Finding our way to The Way one situation at a time. I don't know how great it will be, but I expect it will be interesting, and I look forward to it going on past all reason because wonder is just that way. Are you coming or not?
"I don't think that's going anywhere," could be said about everything. Along with it's corollary, "Where do you think you're going?" And, "What do you think you're doing?"
These are all statements that could be at the heart of Zen.
Along with the following:
"Those who say, don't know. Those who know, don't say."
"The Tao that can be told/explained/said is not the eternal Tao."
A Zen master and a novice were walking across a bridge when the novice asked, "What is Zen?" Whereupon the master picked him up and threw him into the river below, saying, "That is water! swim in it, bathe in it, drink it, or drown-- but do not talk about it! To talk about water is to not know water!"

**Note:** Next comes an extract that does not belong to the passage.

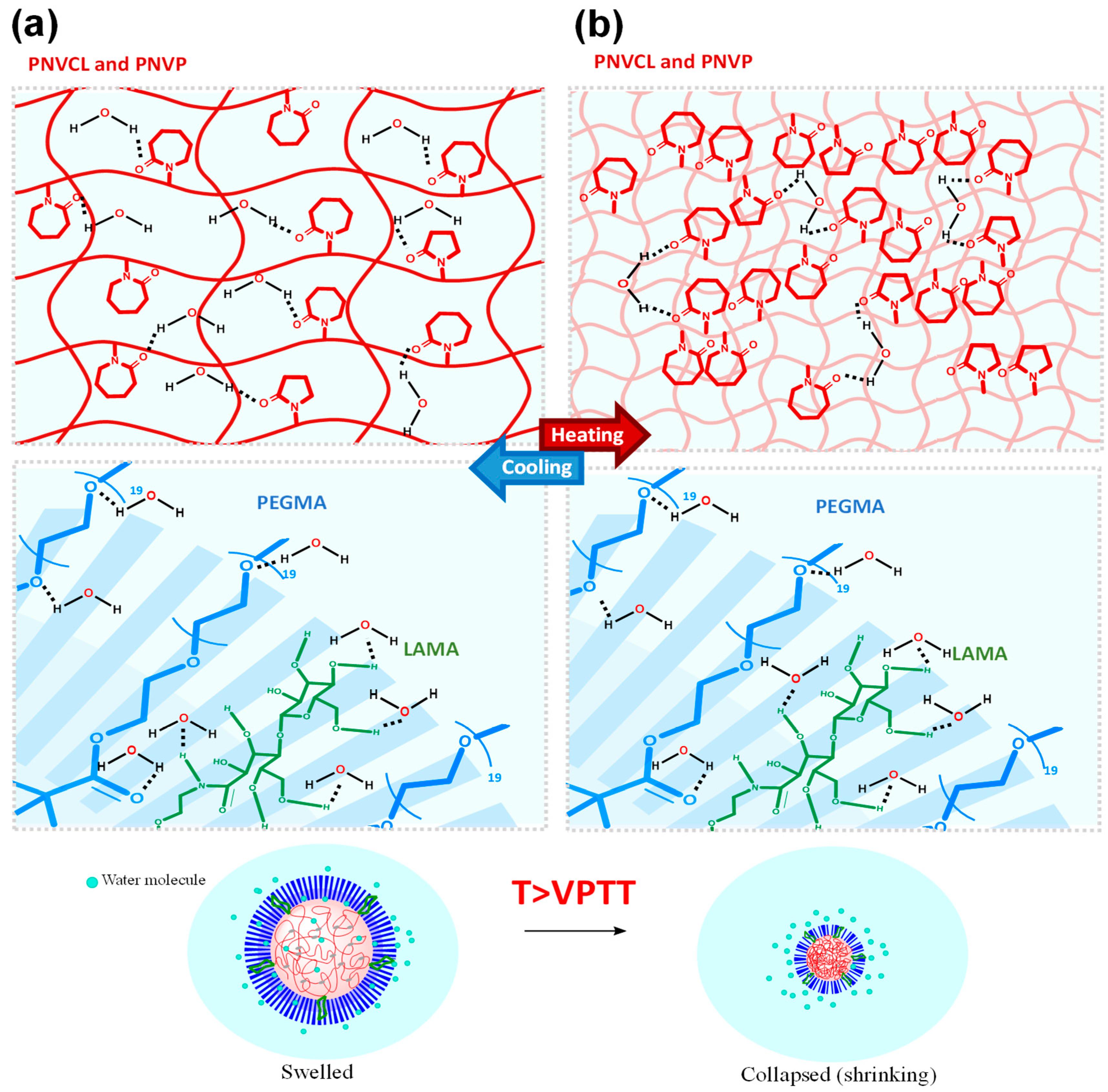 Pvcl PNVCL-Based Multifunctional Nanogels Loaded with Curcumin, 5 ...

Those of us who know what we are doing, know that we don't know what we are doing, and sit in the emptiness, stillness, silence, waiting for the mud to settle and the water to clear, so that our intrinsic intuition might guide us into doing what needs to be done, where, when and how, and then we drop back into the emptiness, etc. for another round, and so on, for as long as life shall last.
I'm retired, and still finding my way--but now, I don't have to pretend that I know what I'm doing.
I retired after 40.5 years as a minister in the Presbyterian Church USA, serving churches in Louisiana, Mississippi and North Carolina. I graduated from Austin Presbyterian Theological Seminary, in Austin, Texas, and Northwestern State University in Natchitoches, Louisiana. My wife, Judy, and I have three daughters, five granddaughters, one great granddaughter, and a great grandson on the way, within about ten minutes from where we live--and are enjoying our retirement as much as we have ever enjoyed anything.